El término “Inteligencia Artificial” no es nuevo, la ciencia ficción primero, y luego la ciencia real la han manejado y propuesto diversas aplicaciones. Los robots humanoides capaces de interactuar con humanos, asesorarlos y resolver problemas tiene un buen recorrido ya. Recordamos, entre otros, los “cerebros positrónicos”, invención de Isaac Asimov, así como los relatos agrupados en “Yo robot” y la novela “El hombre del bicentenario” del mismo autor.
El temor de que pudieran estas máquinas super-inteligentes hacernos daño también lo anticipó Asimov y planteó un grupo de tres principios, a manera de ética robótica y que, palabras, palabras menos, dicen: 1 Ningún robot podrá dañar a un humano. 2 Ningún robot podrá dejar que un humano sufra daño por su inacción, y 3 Todo robot protegerá su propia integridad, a menos que entre en conflicto con las dos leyes anteriores. De cualquier manera, no deja de preocuparnos que las máquinas con inteligencia artificial encuentren un camino y justificación para tomar el control, o dañarnos, inclusive al punto de la extinción.
Esto nos lleva a considerar, así sea someramente, la cuestión de la inteligencia. Dejamos de lado lo artificial, pues ya queda claro que la inteligencia es originalmente un atributo biológico, propia de seres relativamente complejos; sin embargo, los humanos hemos creado la segunda división al dotar máquinas con potencial inteligente para enfrentar diversos problemas, desde simples, hasta muy complicados.
De un modo u otro, la inteligencia tiene que ver, en primer lugar, con la complejidad. Es decir, pensamos que para que una entidad, biológica o artificial, sea inteligente requiere un número mínimo de componentes, neuronas o chips, capaces de interactuar integrando una red neuronal –o de chips-. El intercambio de estímulos –eléctricos, tanto entre neuronas, como entre chips-, se produce cuando los componentes del sistema manipulan, comparten y modifican estos impulsos que se convierten en información, es decir, de algún modo reflejan el mundo exterior e interior complementario al cerebro inteligente.
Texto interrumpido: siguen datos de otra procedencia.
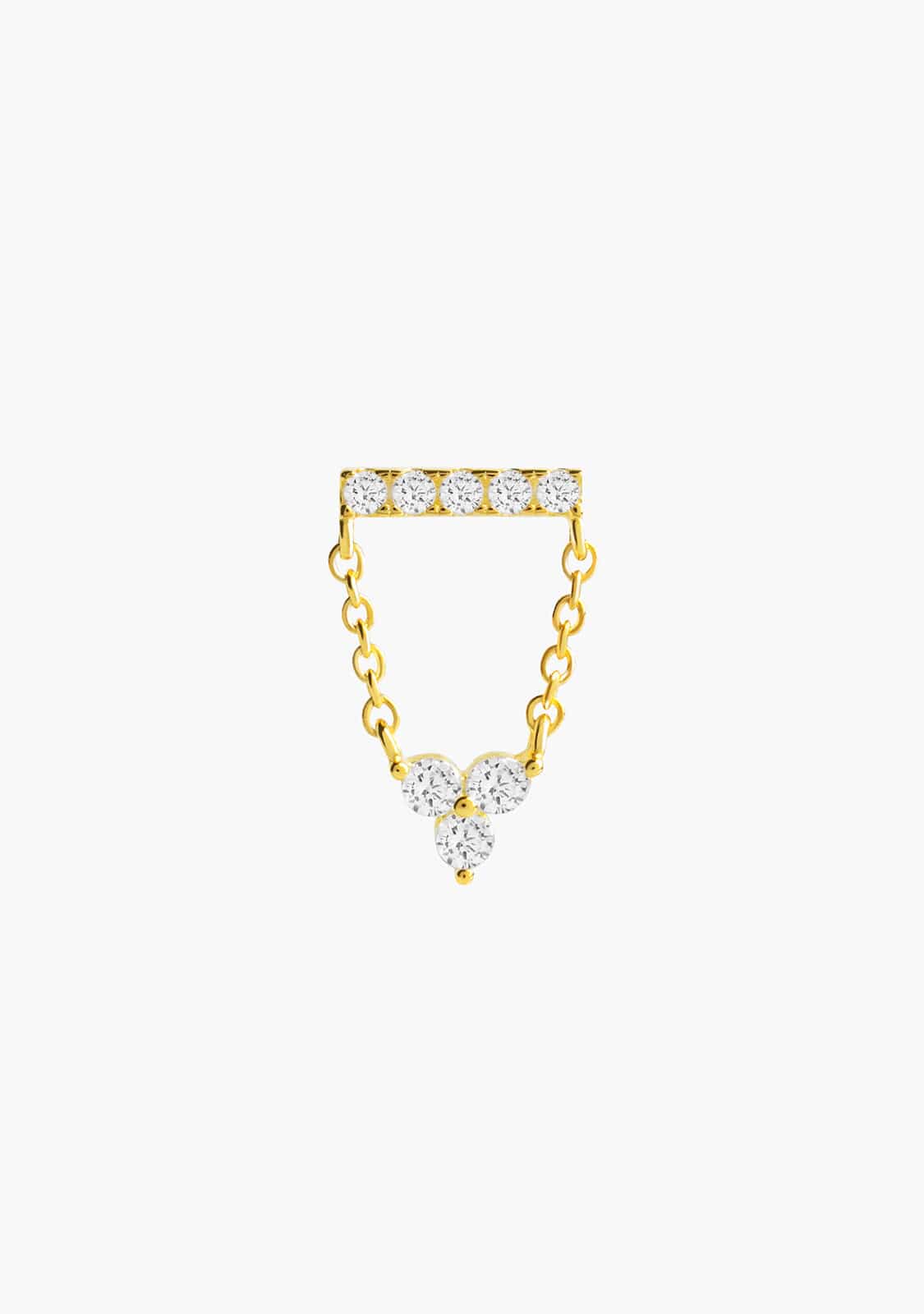 Keira Piercing Gold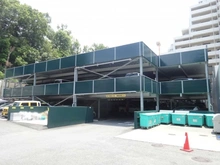 【大阪府/枚方市高塚町】ヒルズシティ枚方公園 自走式駐車場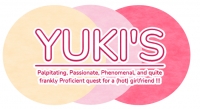 Yuki's Palpitating, Passionate, Phenomenal, and Quite Frankly Proficient Quest for a Hot Girlfriend!!! Box Art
Inicialmente los impulsos eléctricos se originan en cambios medio-ambientales, que a su vez provocan modificaciones en receptores sensoriales que ahora introducen información al cerebro, sea por nervios, o por cables, su equivalente. El mismo complejo que soporta al cerebro genera otros impulsos que retroalimentan al sistema entero. Así es posible recibir información del exterior (luz, calor, daño, etc.) y del interior (situación de parámetros que responden al exterior, como frecuencia de latidos o pulsos eléctricos, temperatura interna, cantidad de refrigerante en circulación, acúmulo de desechos, etc.).
El medio ambiente está variando continuamente y esta información entra al sistema inteligente y eventualmente es transmitida hasta el órgano central de procesamiento –cerebrodonde se distribuye la información entre diferentes núcleos, que a su vez responden de modos diferentes. La conjunción de información de estos núcleos da lugar al “procesamiento” de la información, donde se va acentuando la necesidad de tener estructuras complejas que puedan conjuntar y mezclar muchos datos. Entre más información pueda captar el sistema y luego “procesarla”, más inteligente será este, pero necesitará más componentes e interconexiones: cerebros más grandes, con mayor densidad de neuronas/chips y cableado más abundante.
Pero la complejidad del cerebro, biológico es un recurso con limitaciones, requiere mayores cantidades de energía, espacio de crecimiento y recursos de protección y mantenimiento. El cerebro humano contiene una cantidad asombrosa de neuronas: cien mil millones, más otras células de apoyo complejo, lo que equivale a decir que un cerebro humano tiene tantas neuronas como estrellas tiene una galaxia, todo compactado dentro de la cavidad craneal. Con los cerebros artificiales aún podemos seguir expandiendo su tamaño hasta ocupar edificios enteros si se quiere, pero además, los podemos intercomunicar, vía cables, o de manera inalámbrica y entonces varios cerebros pueden actuar como grandes módulos interconectados, sumando recursos.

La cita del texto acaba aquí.